Trump ha ido construyendo conscientemente este momento de máxima tensión a lo largo de los últimos meses, desacreditando una y otra vez el proceso electoral. La gasolina que añade ahora a ese fuego bien preparado tiene un peligro enorme, teniendo en cuenta la tensión acumulada en la sociedad estadounidense. Una nación dividida —en gran medida por la propia acción polarizadora del presidente—, que ha asistido en los últimos meses a masivas protestas por la insostenible situación de violencia policial contra la población negra y por la discriminación que esa violencia evidencia. Una sociedad marcada por profundas desigualdades, por la voladura de puentes de diálogo político y que además sufre un espantoso embate de la pandemia, en buena medida debido a la temeraria gestión de ella que ha realizado la actual Administración estadounidense. La incertidumbre de estas horas obviamente no contribuirá a cerrar estas divisiones; probablemente las ensanchará, lo que despierta profundas inquietudes en un país muy armado.

Con toda probabilidad, ahora el papel decisivo lo desempeñarán los jueces. Trump ya ha anunciado que recurrirá al Supremo, bastión ultraconservador gracias a los nombramientos que pudo hacer el presidente a lo largo de su mandato. No es la primera vez que Estados Unidos vive escrutinios disputados. Pueden recordarse las elecciones del año 2000, que enfrentaban a George Bush hijo y Al Gore. El pulso fue resuelto por el Supremo, que suspendió el recuento. La solución no estuvo exenta de polémica, pero fue acatada ejemplarmente. Hoy la situación es diferente: uno de los contrincantes se aloja en la Casa Blanca, y la fractura en el seno de la sociedad se antoja enorme.

El deliberado intento de dividir a sus conciudadanos con fines partidistas será uno de los principales capítulos del juicio de la historia sobre Trump. En clave internacional, el veredicto versará sobre la sistemática voladura o erosión de alianzas, tratados e instituciones globales: desde la retirada del acuerdo contra el cambio climático hasta la erosión de la OTAN; desde la quiebra de la histórica relación con Europa hasta la ruptura de pactos comerciales o del acuerdo nuclear con Irán; desde el cuestionamiento de la ONU hasta las andanadas contra la OMC o la OMS. En un nuevo cuatrienio cabría esperar más de lo mismo; más proteccionismo, más negacionismo climático, más xenofobia, más unilateralismo.
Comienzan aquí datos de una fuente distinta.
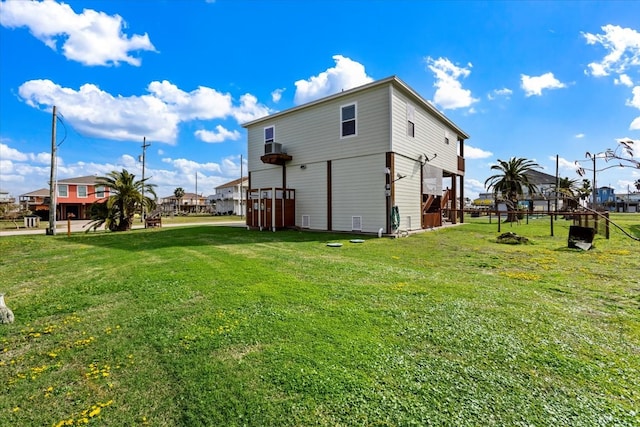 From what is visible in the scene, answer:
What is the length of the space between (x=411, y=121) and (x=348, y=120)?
10.0ft

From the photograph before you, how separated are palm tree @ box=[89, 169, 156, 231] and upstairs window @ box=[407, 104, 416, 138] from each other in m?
14.2

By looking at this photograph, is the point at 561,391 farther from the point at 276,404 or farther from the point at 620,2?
the point at 620,2

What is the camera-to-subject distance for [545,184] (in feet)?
121

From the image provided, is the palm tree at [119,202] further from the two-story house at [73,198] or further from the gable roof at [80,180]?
the gable roof at [80,180]

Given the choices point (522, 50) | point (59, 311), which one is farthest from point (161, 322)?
point (522, 50)

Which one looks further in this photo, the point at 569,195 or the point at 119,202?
the point at 119,202

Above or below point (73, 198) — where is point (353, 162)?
above

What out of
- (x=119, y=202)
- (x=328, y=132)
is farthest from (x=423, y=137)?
(x=119, y=202)

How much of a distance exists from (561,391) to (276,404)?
1.97m

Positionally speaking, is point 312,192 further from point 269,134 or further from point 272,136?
point 269,134

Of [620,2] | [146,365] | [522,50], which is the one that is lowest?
[146,365]

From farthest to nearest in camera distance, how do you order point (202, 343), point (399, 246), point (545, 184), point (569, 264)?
1. point (545, 184)
2. point (399, 246)
3. point (569, 264)
4. point (202, 343)

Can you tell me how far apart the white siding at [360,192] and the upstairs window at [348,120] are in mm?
1232

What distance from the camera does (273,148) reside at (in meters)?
15.8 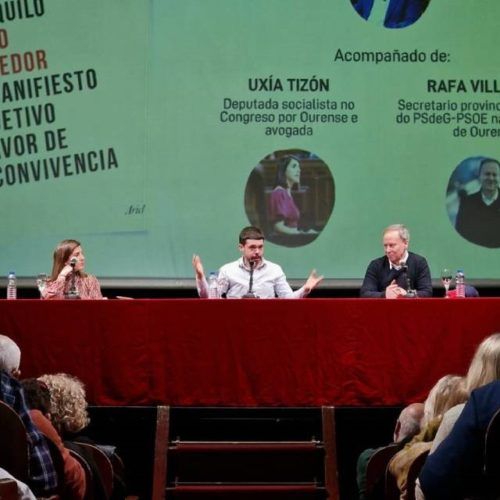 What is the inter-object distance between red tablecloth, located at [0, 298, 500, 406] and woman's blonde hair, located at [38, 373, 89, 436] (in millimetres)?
869

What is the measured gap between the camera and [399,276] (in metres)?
6.24

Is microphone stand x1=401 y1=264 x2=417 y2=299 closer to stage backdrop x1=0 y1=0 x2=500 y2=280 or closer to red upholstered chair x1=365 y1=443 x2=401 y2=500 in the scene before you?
stage backdrop x1=0 y1=0 x2=500 y2=280

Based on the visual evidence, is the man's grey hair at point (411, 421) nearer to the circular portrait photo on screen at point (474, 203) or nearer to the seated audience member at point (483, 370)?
the seated audience member at point (483, 370)

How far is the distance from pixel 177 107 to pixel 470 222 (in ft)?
6.30

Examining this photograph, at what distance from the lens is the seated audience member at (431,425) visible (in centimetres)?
368

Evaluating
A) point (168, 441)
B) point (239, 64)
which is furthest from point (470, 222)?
point (168, 441)

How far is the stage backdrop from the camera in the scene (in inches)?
272

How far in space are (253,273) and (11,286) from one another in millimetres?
1339

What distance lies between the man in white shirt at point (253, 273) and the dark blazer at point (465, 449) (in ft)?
11.2

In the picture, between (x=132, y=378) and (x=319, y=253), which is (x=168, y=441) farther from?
(x=319, y=253)

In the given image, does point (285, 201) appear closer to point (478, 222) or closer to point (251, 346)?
point (478, 222)

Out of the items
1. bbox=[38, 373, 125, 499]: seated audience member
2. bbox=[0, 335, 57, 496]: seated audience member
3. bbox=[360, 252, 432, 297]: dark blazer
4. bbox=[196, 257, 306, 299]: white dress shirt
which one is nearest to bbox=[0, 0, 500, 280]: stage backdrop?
bbox=[196, 257, 306, 299]: white dress shirt

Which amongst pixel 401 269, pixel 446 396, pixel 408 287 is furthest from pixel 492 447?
pixel 401 269

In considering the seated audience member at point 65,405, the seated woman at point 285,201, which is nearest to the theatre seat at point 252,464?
the seated audience member at point 65,405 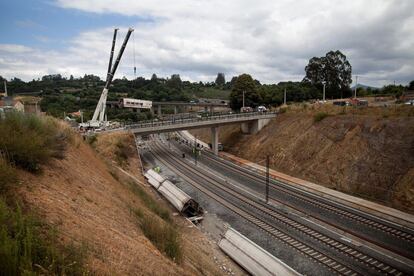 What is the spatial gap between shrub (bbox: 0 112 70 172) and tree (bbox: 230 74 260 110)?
237 ft

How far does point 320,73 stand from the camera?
321 ft

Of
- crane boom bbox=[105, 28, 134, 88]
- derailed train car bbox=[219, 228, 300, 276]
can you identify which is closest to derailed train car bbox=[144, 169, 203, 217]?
derailed train car bbox=[219, 228, 300, 276]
Posiblemente, en dosis reforzadas con respecto a la primera etapa gracias al envalentonamiento de la reválida.

Aunque terminaran ganando la presidencia, Biden y el partido demócrata, por su parte, tendrán que reflexionar sobre cómo el proyecto moderado del candidato y su coalición de voto urbano y minorías no logra un éxito convincente ni siquiera ante un contrincante tan extremo como Trump. El Partido Republicano, antes o después deberá reflexionar sobre cómo el huracán Trump le ha dejado desfigurado e irreconocible.

La incertidumbre mantiene obviamente en vilo también a la comunidad internacional. Las democracias liberales desean una victoria de Biden; los regímenes autoritarios, los partidarios del Brexit, el Israel de Netanyahu y los nacional-populistas de todo el mundo, que sea Trump el ganador. El resultado final, por supuesto, pero también la manera en que la democracia estadounidense lo gestione, dejará una profunda huella. El momento es grave y mucho está en juego: siete décadas de florecimiento de esos valores democrático-liberales se ven amenazados por algo más que oscuros nubarrones. Estados Unidos y Occidente necesitan un desenlace a la altura de su historia y de su futuro.